Compiler has to know the exact type to set the value, but Long, Double and Integer are all from type Number, so you can read it into a Number variable.

Is that correct?

You describe how it works, but not what it means in simple terms.

List<Shape> is not a "list of Shapes", it's a "list parametrized with Shape"

List<? extends Shape> is a "list parametrized with something that extends Shape"

e.g. you can assign it with List<Circle> (you can't assign it to List<Shape> since Shape != Circle) and then you can do operations on it that would not break List<Circle> (can't put Square in it)

Great, thank you. It's interesting to learn, when you don't know how to describe something in simple terms. I blame my lacking college professor and me, not taking enough time to learn it properly.
I thought the whole point about Java is that it's supposed to be extra verbose (which is also the reason it sucks a bit). wtf is this shit
Let me tell you why everyone is downvoting you:

The "? extends" is not an "extra verbosity". It's actually a sound CS concept, one that you need to make compiler understand how some generic code turns out to be correct while working on partially specified types.

IIRC C# didn't have that "extra verbose" thing in its early versions and the developers weren't very happy because you do need it.

Not being able to separate "extra verbosity" from "solid CS concepts" makes you lousy at reasoning about programming languages. Might as well stop bothering.

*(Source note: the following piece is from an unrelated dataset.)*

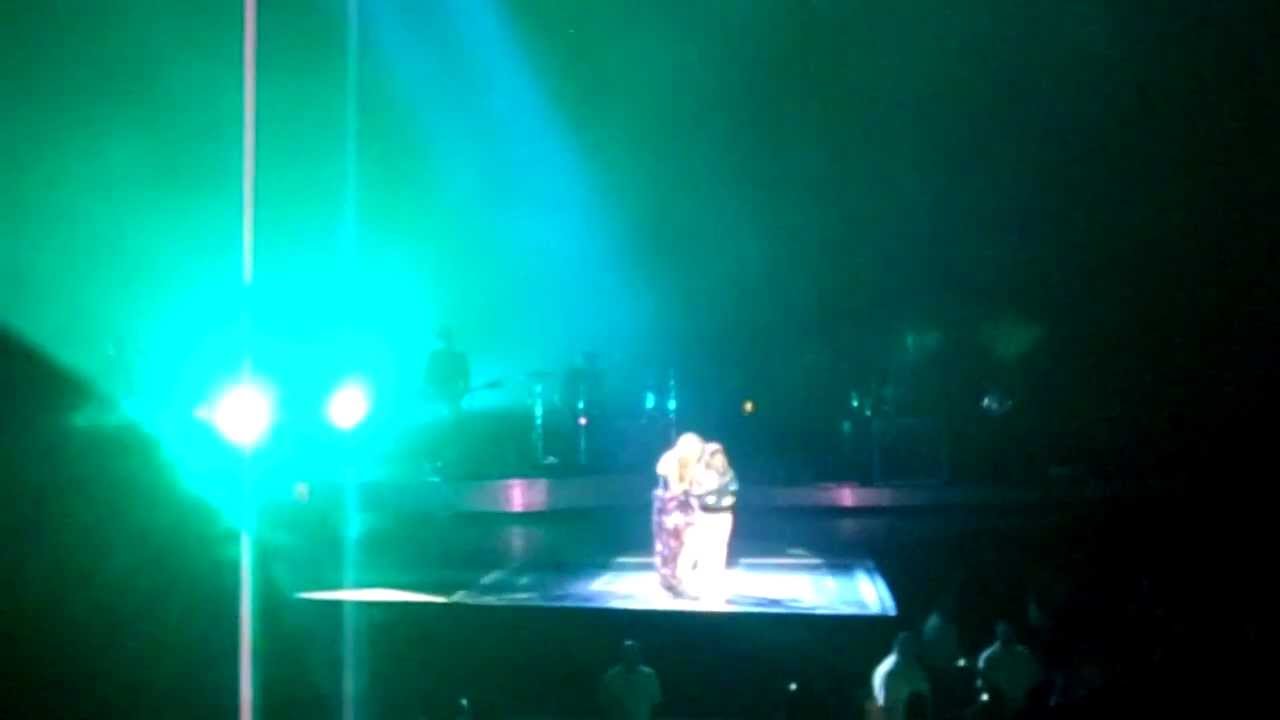 Carrie Underwood sings the National Anthem with a fan! Boise, ID. Blown Away Tour
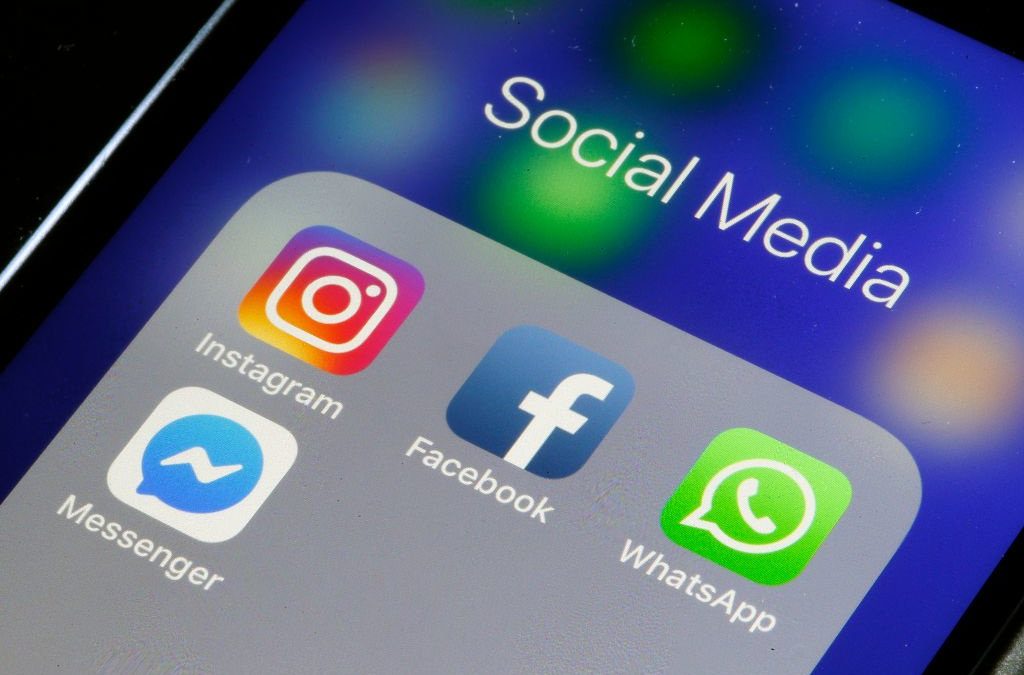 Panne sans précédent de Facebook, Instagram et WhatsApp : ce que l'on sait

When we hire developers with proficiency in Java that's one of our common interview questions. We also seek ability to figure out what "? super" means.
I have a feeling you're going to get a bunch of type theorists instead of programmers who get things done if you ask about Java's syntax for use-site contravariance.
Not true. You'll get, for instance, people who read Effective Java [1], by Joshua Bloch (who is, IMHO, THE man when it comes to java), and remembered the PECS mnemonics. PECS stands for producer-extends, consumer-super.

So, to cite the textbook example, say you are implementing a Stack<E>. It will probably have the methods:

  public void push(E element);
  public E pop();
and, for convenience:

  public void pushAll(Iterable<? extends E> elements);
  public void popAll(Collection<? super E> destination);
The pushAll has "? extends" because the elements Iterable will "produce" elements for the stack. The popAll has super because the destination Collection will "consume" elements from the stack. It is not that hard, is it? Let's note that guard-of-terra is talking about proficiency, not mere familiarity. I believe reading "Effective Java" is a nice way to get closer to the proficient level.

Let it be noted that this whole mess exists because generics in Java were implemented with type erasure so their introduction wouldn't break legacy code. I personally think this was a bad idea, but it does show that when a language is evolving, there are a bunch of constraints the designers must be aware of.

[1] http://www.amazon.com/Effective-Java-Edition-Joshua-Bloch/dp...

This doesn't seem to have anything to do with type erasure, does it? It's needed for type-safe generics. Even without type erasure, you still need type safety. If your generics are always covariant (like Dart's are), you break type safety.

I think the mistake the Java designers made here was going with use-site variance instead of definition-site variance.

Yes, you're right. We're talking about variance when it comes to the "? extends, ? super" situation, not erasure. And you're also right the things would be better with definition-site variance.

On the other hand, sometimes I think an unsound type system with List<String> being a subtype of List<Object> would be better than what we have today, for pragmatic reasons. Of course, I think this makes me a non-type-theorist, as what I'm saying is considered heresy in some circles [1].

[1] http://lambda-the-ultimate.org/node/4377 (search for unsound).

But than you can never get anything from List<String>! Because you never know what type are you getting!

On the other hand, if your structure is immutable it would probably work.

"? extends" is a cool question because even if you know nothing theoretical about generics, you can figure it out with a few hints because it does have an actual underlying reason. Or you can't - even with massive hinting some people are just afraid to guess and reason. So it's a nice test.